Wednesday, May 04, 2011

Life is all about how you handle plan B . . .

"Plan A is always my first choice . . . you know, the one where everything works out to be happily ever-after. But more often than not, I find myself dealing with the upside-down, inside-out version where nothing goes as it should. Do I sink or do I swim? . . . The choice is all mine. It's at this point that the true test of my character comes in. Life really is all about how you handle plan B." [From a fun T-shirt that I own.]

Plan B

People make too big of a deal over plan B. Seriously! Plans should be flexible . . . what is most important is the mission! A change in plans isn't a change in mission--plan B is merely a different avenue of approach.

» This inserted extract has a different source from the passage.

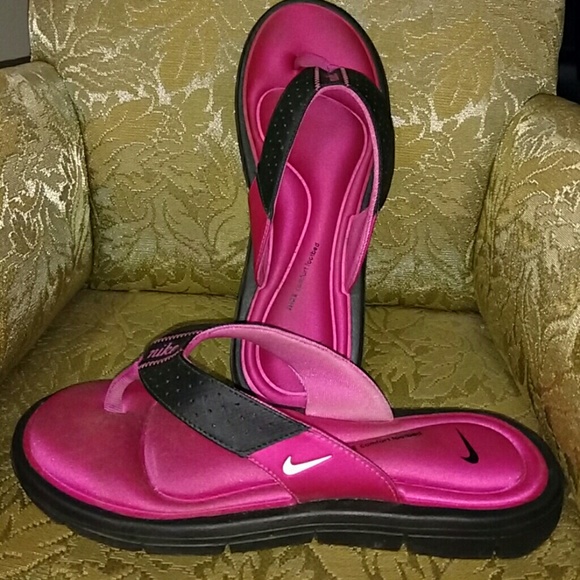 Nike memory foam flip flops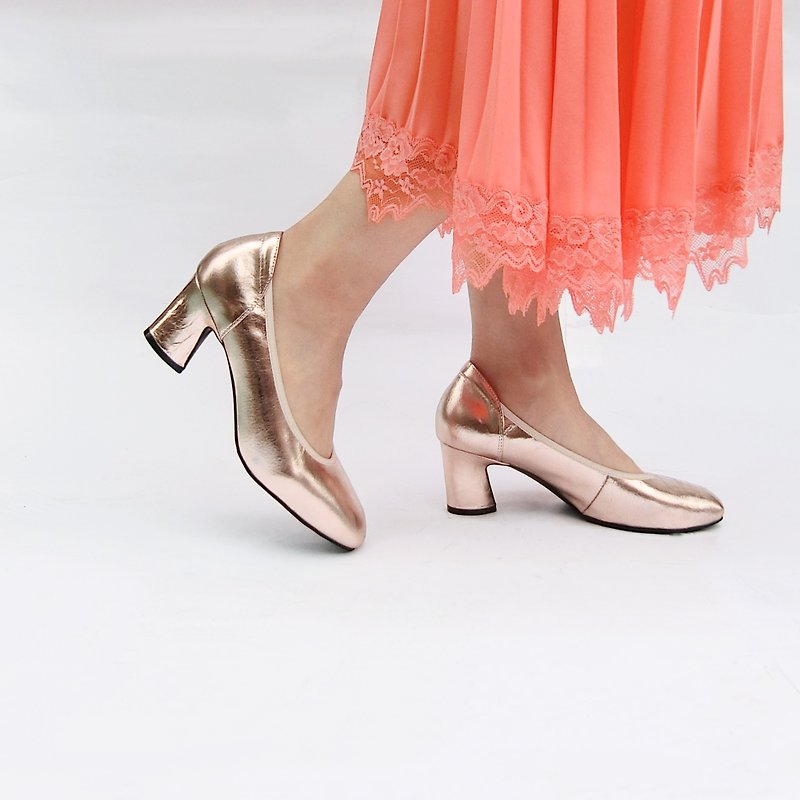金属光真皮中跟鞋 ||香榭女子的私藏 香槟粉|| 8175 - 女款皮鞋 - 真皮 粉红色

One thing that I always try to keep in mind is that my plan A may not be what is best for me. It may accomplish the mission, but at what cost?

I have a strategic plan for my life and my career--yes, it's true (I am THAT anal). And yes, I weigh every decision according to this plan. Yet at the same time, I realize that I may not have all of the information, and my original plan may not be the best plan to accomplish the mission . . .

Do I sink or do I swim?

That is a silly question--of course I swim! I look at life this way: if we create a plan or a map for our lives and everything goes precisely according to the plan, how boring would that be? Where are the challenges in that?

I love the twists and turns in life--they usually bring heightened success!

Dialing it in

What am I talking about here? One example could be my own change from the Army's MI branch to Finance. Attending Finance BOLC and becoming a Finance Officer was my plan B. I won't share all of the details of my personal strategic plan, but the goal in that segment of my plan had already been met, so the change wasn't truly significant. However, initially choosing MI was important to my end-state. My background is actually in finance, so this change made sense . . . but MI still holds my interest!

My point is that it's important to not only have a plan, but to fully understand the steps in the plan and the desired end-state . . . otherwise you may get so caught up in the details that you lose sight of the end-state which is the ultimate goal!